In the case of Anthracite, another form of coal, with a density value of $1506\,kgm^{-3}$,

$v_{boom\,anthracite}=3.4354*\cfrac{1506}{6}=862.29\,ms^{-1}$

and

$T_{862}=\cfrac{862.29^2*12.0107*10^{-3}}{3*8.3144}=358.03\,K$

It will ignite at $84.88\,^oC$

And bituminous coal of a density $1346\,kgm^{-3}$,

$v_{\small{boom\,bituminous}}=3.4354*\cfrac{1346}{6}=770.67\,ms^{-1}$

and

$T_{770}=\cfrac{770.67^2*12.0107*10^{-3}}{3*8.3144}=285.99\,K$

It will ignite at $12.84\,^oC$!  For miners, mining this type of coal in tunnels or open pits, this is the temperature at which the ore starts to emit poisonous $CO$ gas.  It does not ignite into an open flame, but the carbon begins to react with atmospheric oxygen $O_2$ and produce $CO$.

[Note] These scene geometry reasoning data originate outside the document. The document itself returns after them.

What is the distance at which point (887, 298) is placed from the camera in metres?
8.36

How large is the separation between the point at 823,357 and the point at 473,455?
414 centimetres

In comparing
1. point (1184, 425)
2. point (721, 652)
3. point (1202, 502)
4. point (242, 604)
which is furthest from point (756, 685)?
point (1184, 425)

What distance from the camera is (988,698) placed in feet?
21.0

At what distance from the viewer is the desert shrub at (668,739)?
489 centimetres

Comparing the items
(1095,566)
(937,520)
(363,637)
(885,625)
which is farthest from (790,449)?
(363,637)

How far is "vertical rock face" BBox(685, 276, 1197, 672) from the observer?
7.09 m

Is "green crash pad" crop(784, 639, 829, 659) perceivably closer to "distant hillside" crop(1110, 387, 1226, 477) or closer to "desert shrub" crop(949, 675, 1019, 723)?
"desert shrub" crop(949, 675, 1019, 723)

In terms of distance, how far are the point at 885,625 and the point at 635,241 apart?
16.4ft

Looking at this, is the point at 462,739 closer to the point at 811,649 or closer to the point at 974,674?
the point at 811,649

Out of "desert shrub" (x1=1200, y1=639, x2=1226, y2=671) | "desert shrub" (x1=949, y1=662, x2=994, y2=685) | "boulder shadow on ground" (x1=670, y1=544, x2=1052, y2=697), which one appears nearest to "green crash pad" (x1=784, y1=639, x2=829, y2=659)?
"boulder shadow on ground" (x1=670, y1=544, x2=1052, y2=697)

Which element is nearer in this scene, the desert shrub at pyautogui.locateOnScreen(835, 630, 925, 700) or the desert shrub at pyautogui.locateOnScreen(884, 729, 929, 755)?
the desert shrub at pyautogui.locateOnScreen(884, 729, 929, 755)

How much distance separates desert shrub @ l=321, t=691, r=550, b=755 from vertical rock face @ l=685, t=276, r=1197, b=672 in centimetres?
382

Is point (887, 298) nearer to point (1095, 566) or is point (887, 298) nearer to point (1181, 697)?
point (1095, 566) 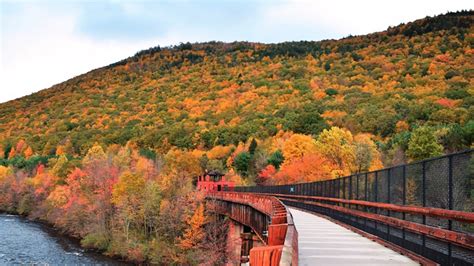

And another quoted value of density for coal at $1400\,kgm^{-3}$

$v_{\small{boom\,brown}}=3.4354*\cfrac{1400}{6}=801.59\,ms^{-1}$

and

$T_{770}=\cfrac{801.59^2*12.0107*10^{-3}}{3*8.3144}=309.40\,K$

It ignites at $36.25\,^oC$

Crystalline (structural) density should be used and not bulk density in the calculations for $v_{boom}$ and $T_{v\,boom}$.

Such fire will linger around $T_{v\,boom}$, unless it is cooled below this temperature.  Beyond ignition, combustion in the air generates most of the raise in temperature.

...if you have a coal fire to put out.  Go put out the fire, don't have a nice day.